Intriguingly, we noticed that subsets of vsiRNAs for the RpV3-7, but not for RpV1 and RpV2, appeared to map to more than one viral genome (Figs 4 and S9). Upon closer inspection, we found that RpV3, RpV4 and RpV7 share pools of vsiRNAs in PVS, whereby 217 are common to RpV3 and RpV4, 1553 to RpV3 and RpV7 and 404 to RpV4 and RpV7 (Fig 4A). Remarkably, 717 vsiRNAs are shared among the three viruses (Fig 4A). These findings are supported by the analysis of the Egg datasets, where comparable numbers are observed (Fig 4B). Similarly, RpV5 and RpV6 display shared vsiRNAs in PVS (279) and in Egg (762) (Fig 4B). We then asked what regions of the viral genomes produce the shared set of vsiRNAs. To answer this question, we profiled the distribution of the shared vsiRNAs along the viral genomes (Fig 4C and 4D). Surprisingly, both for the permutotetraviruses (Fig 4C) and sobemoviruses (Fig 4D), the shared vsiRNAs mostly map to the 3’ end of the genome rather than to sequences encoding the conserved RdRp or structural proteins. We also checked whether the shared vsiRNAs could be related to low-complexity regions, but this was not the case for any of the tested sequences (S10 Fig). Our data reveal that vsiRNAs are expressed in Rhodnius’ ovaries in response to viral infections, while viral piRNAs do not appear to provide a primary antiviral system in this organ.
Discussion
R. prolixus is a hematophagous triatomine insect responsible for the transmission of Chagas disease in Central and Latin American countries. To our knowledge, the composition of the R. prolixus’ virome is completely unknown and only one virus (i.e. Triatoma virus) is known to infect triatomines, which comprise hundreds of species that are potential vectors of Chagas disease.

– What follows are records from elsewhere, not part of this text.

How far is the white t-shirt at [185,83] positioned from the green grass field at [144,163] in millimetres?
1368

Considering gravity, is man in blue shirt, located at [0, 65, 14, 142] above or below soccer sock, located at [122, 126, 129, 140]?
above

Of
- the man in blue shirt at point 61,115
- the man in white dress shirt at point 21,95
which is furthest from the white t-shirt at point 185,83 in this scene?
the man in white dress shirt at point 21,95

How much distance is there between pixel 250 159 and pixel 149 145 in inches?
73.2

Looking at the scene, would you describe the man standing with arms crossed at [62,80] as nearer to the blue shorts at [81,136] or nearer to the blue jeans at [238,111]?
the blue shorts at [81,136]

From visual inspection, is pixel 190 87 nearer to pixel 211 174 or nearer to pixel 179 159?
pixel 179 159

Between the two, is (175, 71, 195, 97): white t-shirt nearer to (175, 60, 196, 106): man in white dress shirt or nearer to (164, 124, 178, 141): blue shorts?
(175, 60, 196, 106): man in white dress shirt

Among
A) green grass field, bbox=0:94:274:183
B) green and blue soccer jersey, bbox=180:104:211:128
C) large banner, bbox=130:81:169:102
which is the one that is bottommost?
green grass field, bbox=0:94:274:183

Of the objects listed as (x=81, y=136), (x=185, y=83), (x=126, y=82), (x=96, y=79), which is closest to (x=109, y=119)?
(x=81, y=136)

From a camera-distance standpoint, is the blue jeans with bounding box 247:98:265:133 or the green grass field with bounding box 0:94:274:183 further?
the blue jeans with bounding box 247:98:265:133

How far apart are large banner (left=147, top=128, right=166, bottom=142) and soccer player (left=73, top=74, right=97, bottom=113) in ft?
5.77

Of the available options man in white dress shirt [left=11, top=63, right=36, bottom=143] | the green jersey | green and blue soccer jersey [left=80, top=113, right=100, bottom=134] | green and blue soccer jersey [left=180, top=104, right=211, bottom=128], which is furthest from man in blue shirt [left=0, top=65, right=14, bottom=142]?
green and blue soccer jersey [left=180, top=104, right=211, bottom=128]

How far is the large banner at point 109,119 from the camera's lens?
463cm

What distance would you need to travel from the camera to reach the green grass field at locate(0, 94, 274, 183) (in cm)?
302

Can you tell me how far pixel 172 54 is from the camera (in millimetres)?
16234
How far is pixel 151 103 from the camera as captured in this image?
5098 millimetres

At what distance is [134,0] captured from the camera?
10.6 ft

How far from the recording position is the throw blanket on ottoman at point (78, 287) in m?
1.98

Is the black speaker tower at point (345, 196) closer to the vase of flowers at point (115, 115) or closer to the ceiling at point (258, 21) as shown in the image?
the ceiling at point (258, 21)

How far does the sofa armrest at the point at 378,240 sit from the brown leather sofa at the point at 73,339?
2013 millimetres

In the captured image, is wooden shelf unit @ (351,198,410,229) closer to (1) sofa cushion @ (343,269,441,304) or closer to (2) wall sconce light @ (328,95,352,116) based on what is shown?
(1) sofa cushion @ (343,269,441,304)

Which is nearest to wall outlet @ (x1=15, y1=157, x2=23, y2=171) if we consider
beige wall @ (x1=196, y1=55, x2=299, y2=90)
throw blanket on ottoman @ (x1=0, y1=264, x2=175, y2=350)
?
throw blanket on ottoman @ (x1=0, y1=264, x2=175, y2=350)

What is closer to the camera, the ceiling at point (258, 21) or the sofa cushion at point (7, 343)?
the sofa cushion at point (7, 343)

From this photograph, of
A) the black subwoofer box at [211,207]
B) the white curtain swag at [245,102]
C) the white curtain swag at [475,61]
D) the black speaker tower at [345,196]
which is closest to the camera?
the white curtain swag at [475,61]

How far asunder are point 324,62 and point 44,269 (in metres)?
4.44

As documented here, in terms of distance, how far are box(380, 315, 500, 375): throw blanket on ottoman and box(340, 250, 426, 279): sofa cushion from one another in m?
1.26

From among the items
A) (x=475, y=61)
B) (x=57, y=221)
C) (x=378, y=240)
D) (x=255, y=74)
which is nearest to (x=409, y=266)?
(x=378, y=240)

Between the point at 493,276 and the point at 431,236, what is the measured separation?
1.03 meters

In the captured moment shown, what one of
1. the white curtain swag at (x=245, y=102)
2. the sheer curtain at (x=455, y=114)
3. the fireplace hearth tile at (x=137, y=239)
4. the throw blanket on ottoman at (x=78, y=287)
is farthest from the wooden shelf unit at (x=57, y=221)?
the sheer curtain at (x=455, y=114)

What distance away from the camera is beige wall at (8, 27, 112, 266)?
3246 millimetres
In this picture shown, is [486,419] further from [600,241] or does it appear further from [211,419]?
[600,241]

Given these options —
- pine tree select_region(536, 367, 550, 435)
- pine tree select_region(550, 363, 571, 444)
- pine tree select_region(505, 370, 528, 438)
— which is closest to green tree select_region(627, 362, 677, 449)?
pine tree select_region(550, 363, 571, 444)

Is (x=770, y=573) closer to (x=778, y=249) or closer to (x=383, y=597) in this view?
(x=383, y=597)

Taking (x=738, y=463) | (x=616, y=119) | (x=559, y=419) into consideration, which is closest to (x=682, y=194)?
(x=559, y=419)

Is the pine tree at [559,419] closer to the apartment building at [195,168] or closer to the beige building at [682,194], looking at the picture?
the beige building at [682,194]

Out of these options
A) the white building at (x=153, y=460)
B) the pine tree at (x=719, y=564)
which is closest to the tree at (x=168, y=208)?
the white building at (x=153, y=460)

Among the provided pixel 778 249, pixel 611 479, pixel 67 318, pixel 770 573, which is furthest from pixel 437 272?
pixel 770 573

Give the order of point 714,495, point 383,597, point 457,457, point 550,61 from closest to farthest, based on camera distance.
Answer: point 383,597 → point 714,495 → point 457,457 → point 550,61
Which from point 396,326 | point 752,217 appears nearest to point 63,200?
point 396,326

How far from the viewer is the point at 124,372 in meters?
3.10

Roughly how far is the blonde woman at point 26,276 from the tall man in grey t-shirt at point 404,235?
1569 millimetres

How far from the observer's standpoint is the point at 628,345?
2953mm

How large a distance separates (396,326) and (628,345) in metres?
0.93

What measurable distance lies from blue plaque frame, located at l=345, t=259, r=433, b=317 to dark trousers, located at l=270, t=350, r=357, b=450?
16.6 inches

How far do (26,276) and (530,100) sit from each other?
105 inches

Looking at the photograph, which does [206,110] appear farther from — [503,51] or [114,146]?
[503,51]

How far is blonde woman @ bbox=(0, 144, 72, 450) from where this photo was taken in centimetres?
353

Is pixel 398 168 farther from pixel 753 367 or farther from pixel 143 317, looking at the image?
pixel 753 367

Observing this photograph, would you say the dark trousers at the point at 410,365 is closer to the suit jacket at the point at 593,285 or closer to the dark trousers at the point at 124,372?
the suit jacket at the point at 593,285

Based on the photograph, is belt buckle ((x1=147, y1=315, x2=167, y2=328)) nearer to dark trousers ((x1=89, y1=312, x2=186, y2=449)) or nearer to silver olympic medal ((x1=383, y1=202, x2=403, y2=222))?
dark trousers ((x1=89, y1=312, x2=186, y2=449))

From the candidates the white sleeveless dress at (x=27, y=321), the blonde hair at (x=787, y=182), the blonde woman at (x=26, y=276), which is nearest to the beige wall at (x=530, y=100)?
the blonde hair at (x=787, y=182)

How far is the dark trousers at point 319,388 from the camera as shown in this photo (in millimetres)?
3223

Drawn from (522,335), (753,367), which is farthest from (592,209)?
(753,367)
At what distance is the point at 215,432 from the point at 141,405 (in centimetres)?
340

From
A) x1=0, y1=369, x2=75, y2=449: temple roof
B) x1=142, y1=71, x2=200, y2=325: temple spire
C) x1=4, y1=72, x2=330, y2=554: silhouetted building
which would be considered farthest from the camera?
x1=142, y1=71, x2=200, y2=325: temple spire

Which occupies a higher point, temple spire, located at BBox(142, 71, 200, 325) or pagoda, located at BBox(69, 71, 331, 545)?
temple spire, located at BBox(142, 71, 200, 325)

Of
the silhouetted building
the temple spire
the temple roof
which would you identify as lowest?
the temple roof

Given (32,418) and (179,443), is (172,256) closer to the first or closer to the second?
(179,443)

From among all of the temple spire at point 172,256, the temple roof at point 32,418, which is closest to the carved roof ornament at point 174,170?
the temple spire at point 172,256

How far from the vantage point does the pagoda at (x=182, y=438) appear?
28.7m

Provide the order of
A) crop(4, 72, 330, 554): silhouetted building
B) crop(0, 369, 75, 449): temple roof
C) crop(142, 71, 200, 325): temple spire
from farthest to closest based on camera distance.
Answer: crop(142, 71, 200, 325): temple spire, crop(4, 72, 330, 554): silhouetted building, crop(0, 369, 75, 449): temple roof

Here we substantially expand the virome in these insect species using R. prolixus as a model system. We show that R. prolixus harbors a complex core virome comprising a range of (+) ssRNA viruses belonging to the Iflaviridae, Permutotetraviridae and Solemoviridae families. We demonstrate that RpVs established persistent infections in our colony that were maintained at least in part via transovarial transmission from the mother to the offspring. Accordingly, viral genomes can be detected not only in early stages of oogenesis and in mature non-oviposited eggs, but also in developing embryos and in 1st instar nymphs. It is possible that the transport of viral particles through the trophic cords might contribute to the accumulation of the viruses in the developing egg chambers and mature chorionated eggs. Vertical transmission is being extensively studied for medically relevant viruses, like Dengue and Zika virus and has been proposed as a possible explanation for recurrent seasonal epidemics [49–51]. The virus stored in the mosquito eggs, that are resistant to desiccation, might be protected and overcome the unfavorable seasons, when the population of the mosquito vector is reduced. Our results demonstrate that vertical transmission of the RpVs occurs in R. prolixus and accounts at least in part for the persistence of the viruses in our insectarium, although additional mechanisms including horizontal transfer via cannibalism and coprophagy might be in place. It will certainly be of great interest to investigate the virome composition and transmission routes in wild caught R. prolixus.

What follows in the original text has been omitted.